Give back the full listing exactly, setting the pictures aside.
(Provided information begins)
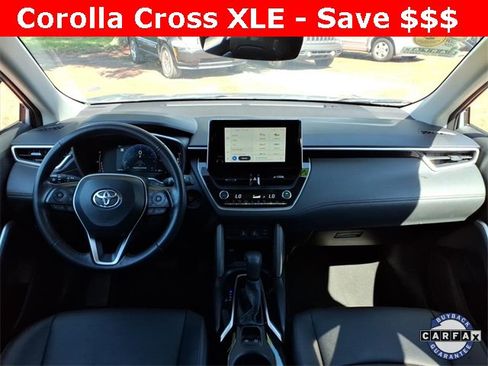 Used 2024 Toyota Corolla Cross XLE image 22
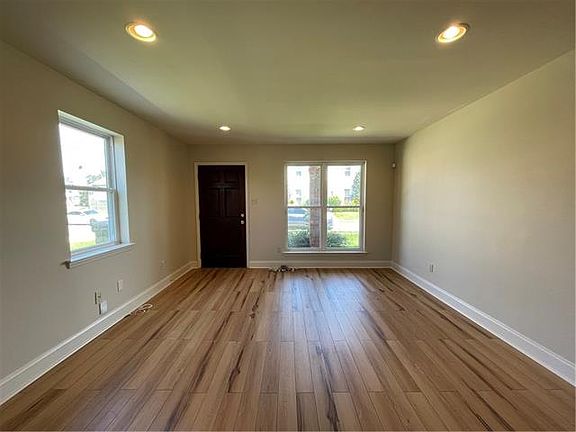 4th image of 210 Tacoma St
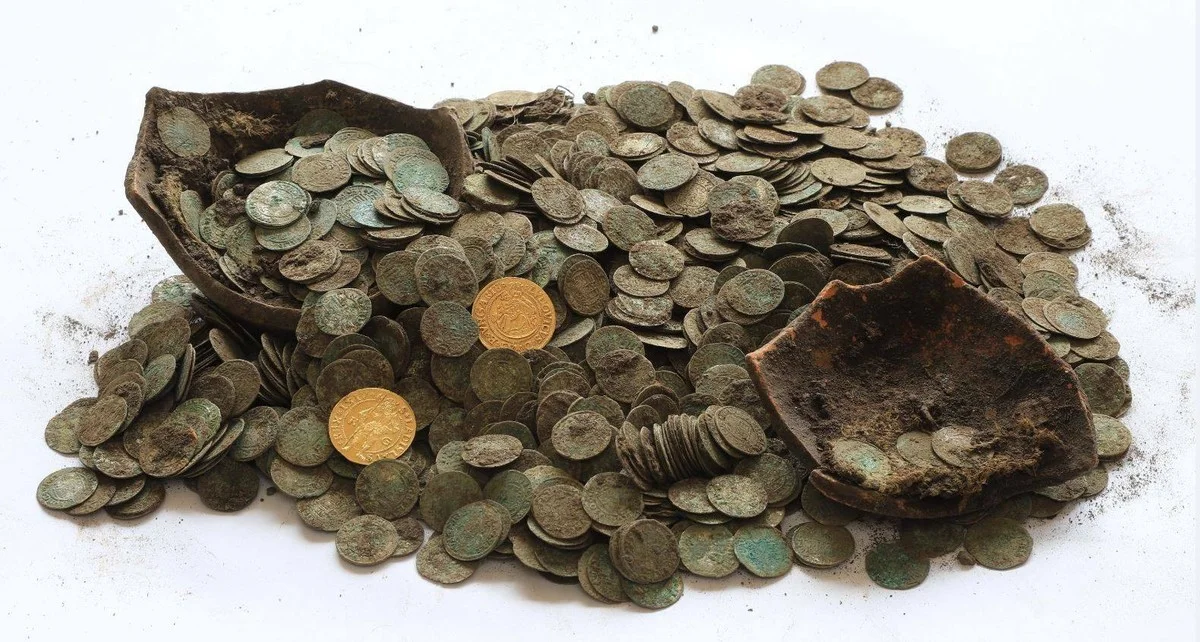 Proč archeologové tají, co našli u jaderné elektrárny: Stovky stříbrných mincí, které nikdy neměly být nalezeny - image 1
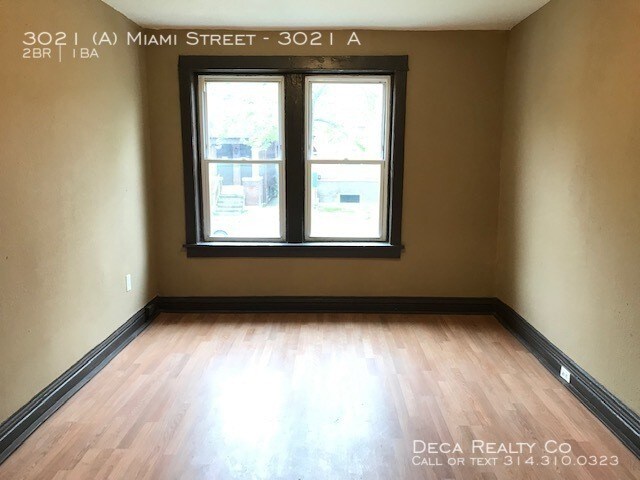 Building Photo - 2 Bedroom Apartment FULLY REHABBED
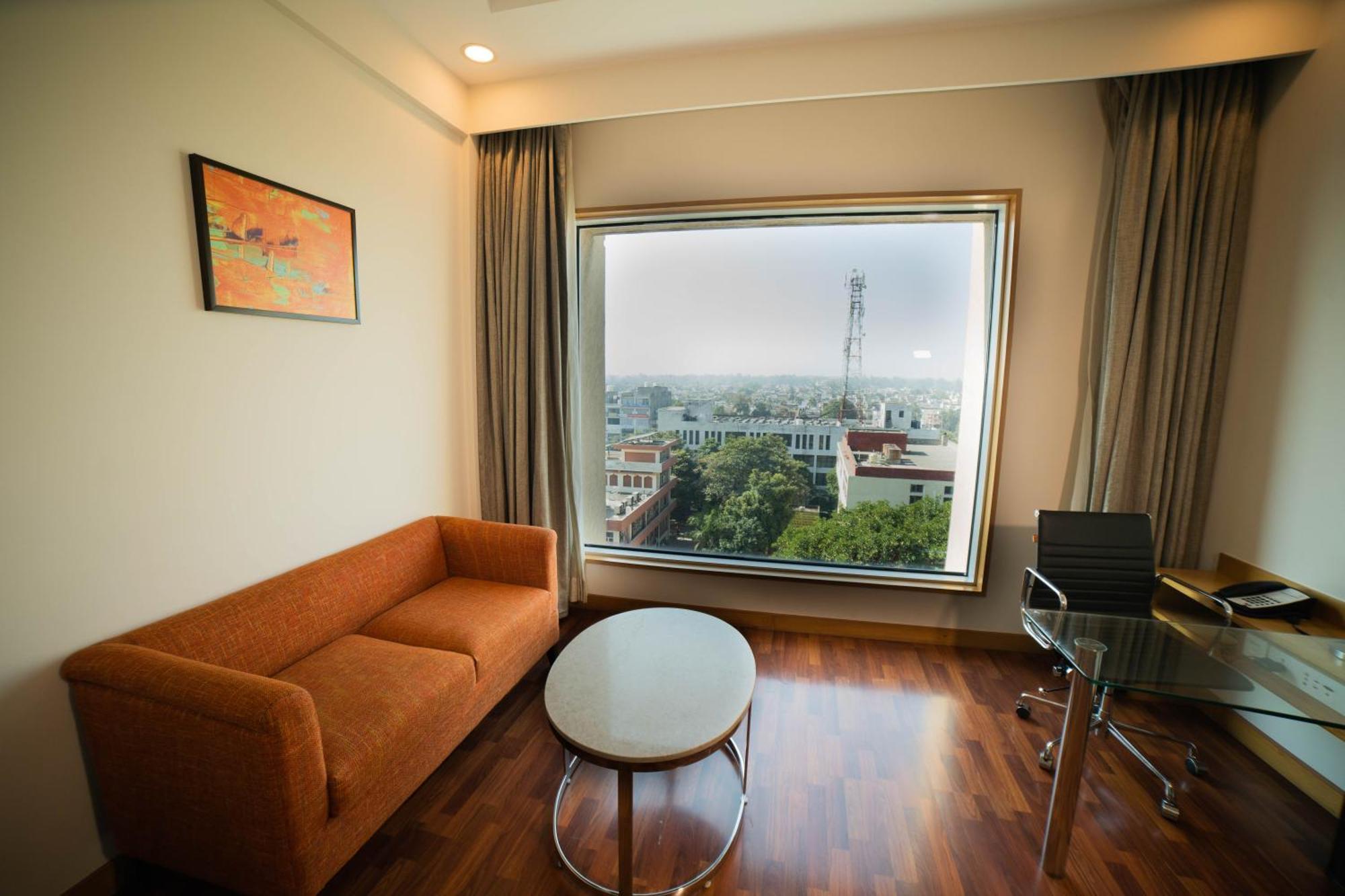 Ranjit Avenue By Ihg 4*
(Provided information ends)
### [Task answer]
 Used 2024 Toyota Corolla Cross XLE image 22
 4th image of 210 Tacoma St
 Proč archeologové tají, co našli u jaderné elektrárny: Stovky stříbrných mincí, které nikdy neměly být nalezeny - image 1
 Building Photo - 2 Bedroom Apartment FULLY REHABBED
 Ranjit Avenue By Ihg 4*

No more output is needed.